500VAインバーター回路の設計
1 概要
インバータ設計について研究の機会を与えて戴きありがとうございます。現状までの成果と、設計完成後はどんな製品に技術展開可能なのかを簡単ですがまとめましたので報告します。
2 試作電源の仕様と技術の活用例
入力 150VDC
出力 500VA 50hz 電子fuseによる過電流保護回路付き
【技術の活用例】
京西にインバーター技術があれば、次の様な応用製品への取り組みが可能です。課題も見えています。引き続き新技術への挑戦を続けます。
・自然エネルギー発電からの交流変換装置
・災害時に役立つ小型AC電源、非常電源など
・USP電源
・ACモーターの駆動電源
3 インバーターの基本
交流化の基本回路はブリッジ回路となります。
上図のTr:AとD、Tr:BとCをそれぞれ対にとして、交互にON-OFF繰り返す事で交流出力を得ます。
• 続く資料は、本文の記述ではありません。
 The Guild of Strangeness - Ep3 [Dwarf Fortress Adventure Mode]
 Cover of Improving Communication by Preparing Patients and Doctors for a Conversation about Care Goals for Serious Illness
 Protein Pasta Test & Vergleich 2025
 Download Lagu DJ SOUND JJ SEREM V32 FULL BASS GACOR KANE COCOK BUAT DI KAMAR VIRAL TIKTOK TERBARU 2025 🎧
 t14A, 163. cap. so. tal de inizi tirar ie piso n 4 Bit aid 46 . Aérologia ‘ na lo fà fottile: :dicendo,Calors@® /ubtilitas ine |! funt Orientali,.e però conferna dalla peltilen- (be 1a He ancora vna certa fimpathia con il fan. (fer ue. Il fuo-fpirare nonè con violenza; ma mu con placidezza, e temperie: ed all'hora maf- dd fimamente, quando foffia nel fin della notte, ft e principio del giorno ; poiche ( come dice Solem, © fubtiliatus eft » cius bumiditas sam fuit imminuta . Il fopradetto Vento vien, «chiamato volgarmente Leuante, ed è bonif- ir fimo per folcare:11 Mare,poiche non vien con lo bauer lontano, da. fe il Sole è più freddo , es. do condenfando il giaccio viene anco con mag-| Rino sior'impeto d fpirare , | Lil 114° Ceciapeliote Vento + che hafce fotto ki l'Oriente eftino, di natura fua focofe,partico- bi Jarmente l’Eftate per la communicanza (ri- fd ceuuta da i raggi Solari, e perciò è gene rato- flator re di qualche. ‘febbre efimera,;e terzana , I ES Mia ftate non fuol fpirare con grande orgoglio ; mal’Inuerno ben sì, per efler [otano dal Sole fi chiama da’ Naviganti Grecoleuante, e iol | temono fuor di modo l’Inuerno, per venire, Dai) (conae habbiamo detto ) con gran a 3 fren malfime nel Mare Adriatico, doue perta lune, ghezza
しかし単純にON-OFFさせるだけでは出力波形は矩形波となり用途が限定されると(一般的に)言われています。
【矩形波例】
今回取り組んだインバーターでは、PWM(パルス変調制御)を用いて正弦波交流を発生させる回路技術に挑戦しました。
【正弦波例】
4 想定した技術課題と現状の成果
インバーター技術は既に商品化されているものの方式は様々でまだまだ新しい部類の技術と言えます。たとえば専用の制御ICは発売されておらず実現のためには独自回路の設計が必要となっています。下表に解決すべき課題とその解決策(活動成果)をまとめました。
当初想定した課題
1、ブリッジ回路のHi側Trの駆動電源
ブリッジ回路用ドライバーICを用いた場合、出力50hzの低周波ではHi側回路のVCCが確保できない。トランスドライブでも同様である。
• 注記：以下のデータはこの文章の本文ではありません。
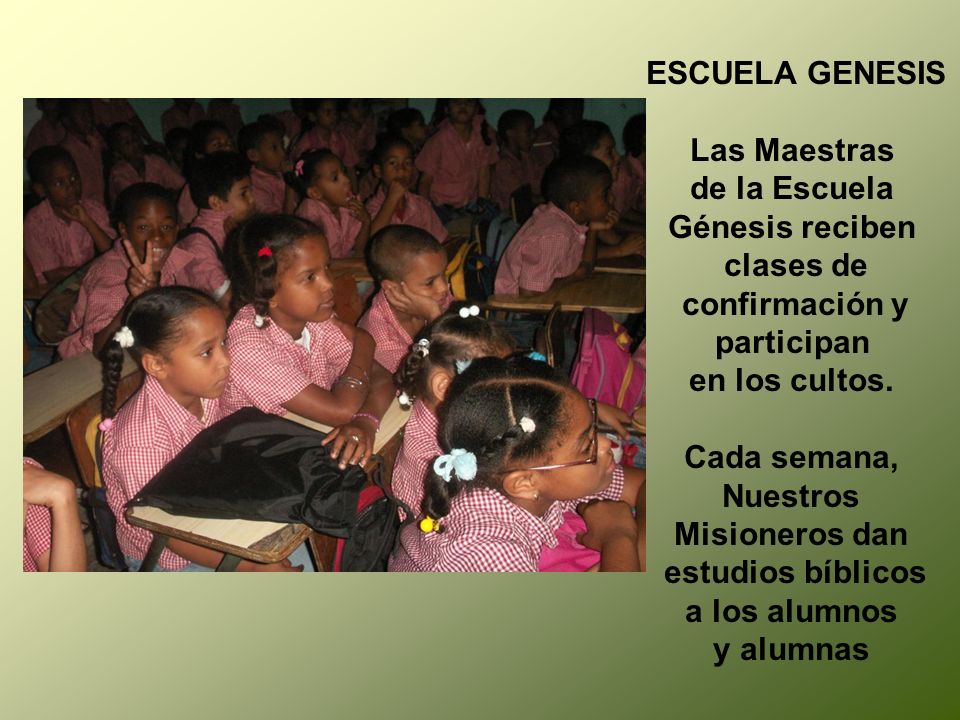 ESCUELA GENESIS Las Maestras. de la Escuela. Génesis reciben. clases de. confirmación y. participan.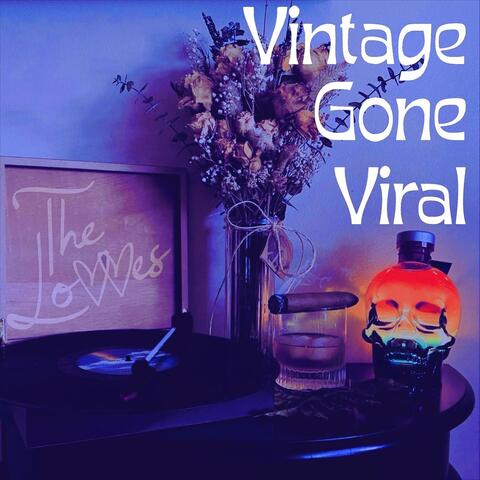 Vintage Gone Viral (Deluxe)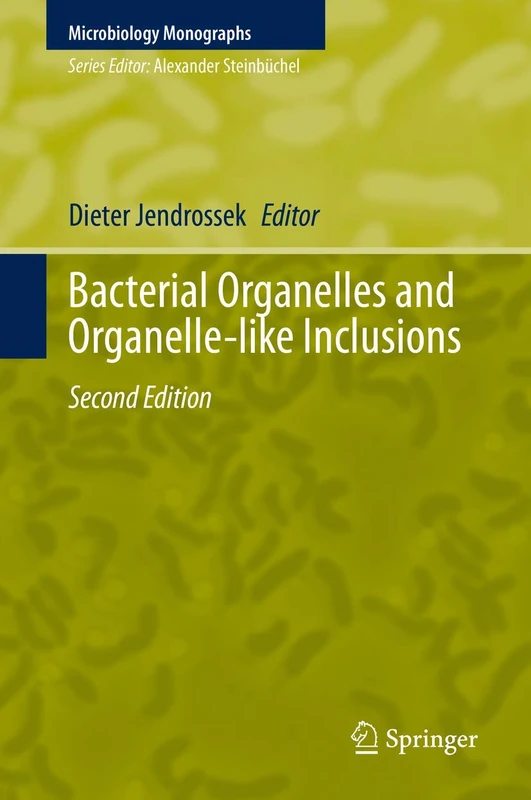 Bacterial Organelles and Organelle-like Inclusions: 34 (Microbiology Monographs, 34)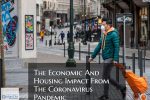 The Economic And Housing Impact Of The Coronavirus Pandemic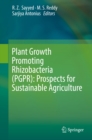 Plant Growth Promoting Rhizobacteria (PGPR): Prospects for Sustainable Agriculture - eBook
技術成果:Tr:AとB、Tr:CとDを必ず反転する様にON/OFFさせる方式でHi側回路のVCCを確保した。
タイミングは複雑だが、Simulatorソフトを用いて論理設計を行った。
2、過電流はピークか実効値にするのか、過電流検知方式について検討が必要だった
技術成果:リアルタイムの定電流垂下を目指したが断念し、ピーク&ディレイ式のラッチ方式の過電流保護、つまりブレーカートリップと似た特性の回路を採用した。
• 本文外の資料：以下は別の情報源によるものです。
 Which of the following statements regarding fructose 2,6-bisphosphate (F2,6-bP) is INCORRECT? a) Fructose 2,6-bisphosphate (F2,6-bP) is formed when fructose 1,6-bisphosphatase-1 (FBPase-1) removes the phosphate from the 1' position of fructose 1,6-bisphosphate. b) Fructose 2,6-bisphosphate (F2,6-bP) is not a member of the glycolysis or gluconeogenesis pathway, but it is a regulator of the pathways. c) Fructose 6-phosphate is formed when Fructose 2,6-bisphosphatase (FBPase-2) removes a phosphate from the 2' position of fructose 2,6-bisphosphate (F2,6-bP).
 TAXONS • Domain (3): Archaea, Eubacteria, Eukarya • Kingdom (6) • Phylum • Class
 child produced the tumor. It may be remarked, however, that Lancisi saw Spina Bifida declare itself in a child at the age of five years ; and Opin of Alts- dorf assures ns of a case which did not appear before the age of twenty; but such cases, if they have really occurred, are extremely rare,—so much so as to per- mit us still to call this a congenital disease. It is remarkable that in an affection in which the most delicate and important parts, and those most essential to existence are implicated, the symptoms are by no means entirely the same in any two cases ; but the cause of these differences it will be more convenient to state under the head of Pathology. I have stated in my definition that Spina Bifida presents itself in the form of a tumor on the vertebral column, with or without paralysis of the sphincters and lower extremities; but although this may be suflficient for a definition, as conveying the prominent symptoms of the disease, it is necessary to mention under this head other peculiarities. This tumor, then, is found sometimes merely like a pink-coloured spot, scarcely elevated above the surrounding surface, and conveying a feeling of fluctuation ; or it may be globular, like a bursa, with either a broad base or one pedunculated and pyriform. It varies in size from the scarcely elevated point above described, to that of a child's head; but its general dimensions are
3、正弦波となるための出力フィルター(L&C)の検討
技術成果:採用したPWM周波数とマッチした出力フィルターが必要。波形改善のためのカギである。
5 現状までの成果(出力波形)
無負荷波形
上:出力電流波形 5A/div
下:出力電圧波形 100V/div
500VA定格波形
上:出力電流波形 5A/div
下:出力電圧波形 100V/div
6 製品化のための課題
独自回路を設計し交流出力が得られましたが、これで完成ではありません。下記に示した製品化のための課題解決や更なる高効率化を目指して研究を続けます。
応用例
1、自然エネルギー発電からの交流変換
課題:一般的には売電を目的としたインバーター設計になると思います。その場合は商用線へ逆送電するための交流同期技術の開発が必要です。
2、変換効率の改善・大容量化
課題:今回小型のインバーターとしましたが、UPSや売電を目的としたインバーターでは1KWを超える製品も存在します。大容量化や高効率化は必要になると思います。
3、昇圧回路 バッテリー12V → DC150V
課題:今回の実験では入力に外部電源を用いてDC150Vを発生させていましたが、実際の製品では昇圧回路も作る必要があります。今まで設計した事がない出力電圧なので全く簡単だとは言いきれません。
4、災害時に役立つ小型AC電源、非常電源、USP電源(非同期式)など
課題:現状最も取り組み易い製品対象だと考えられます。
5、ACモーターの駆動電源
課題:トルク過大となった場合の「滑り制御」と呼ばれる技術開発が必要になると思います。